### Your task
Going from the line that contains "Veles-X Comfort Adjustable" through the last line of the records, set down each line again exactly, both included, with pictures left out.

### Available data
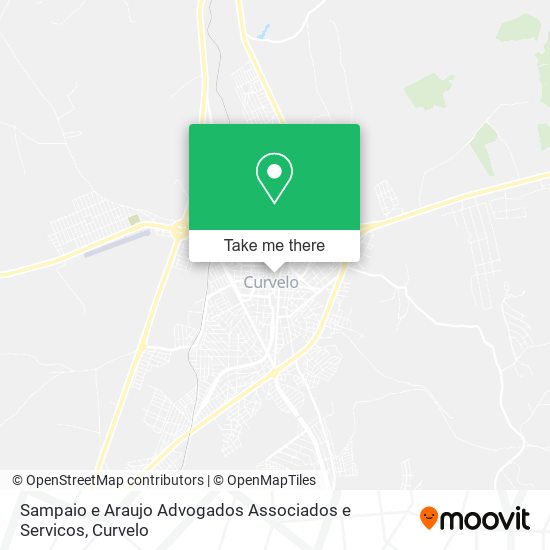 Sampaio e Araujo Advogados Associados e Servicos map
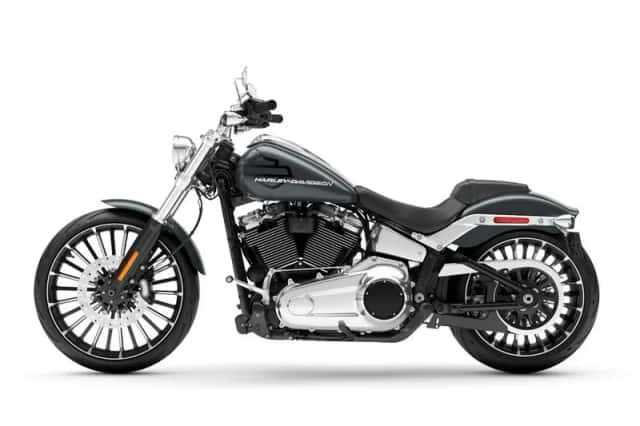 Harley-Davidson Breakout 117 (2026) thumbnail 2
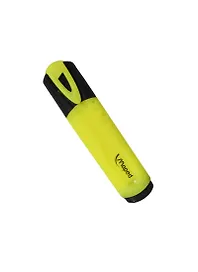 Текстовыделитель «Fluo Peps» жёлтый 1-5 мм, Maped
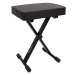 Veles-X Comfort Adjustable Padded Keyboard/Piano X-Style Bench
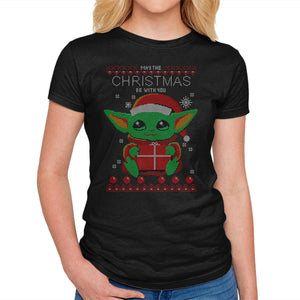 May The Christmas Be With You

### Reply to the exercise
 Veles-X Comfort Adjustable Padded Keyboard/Piano X-Style Bench
 May The Christmas Be With You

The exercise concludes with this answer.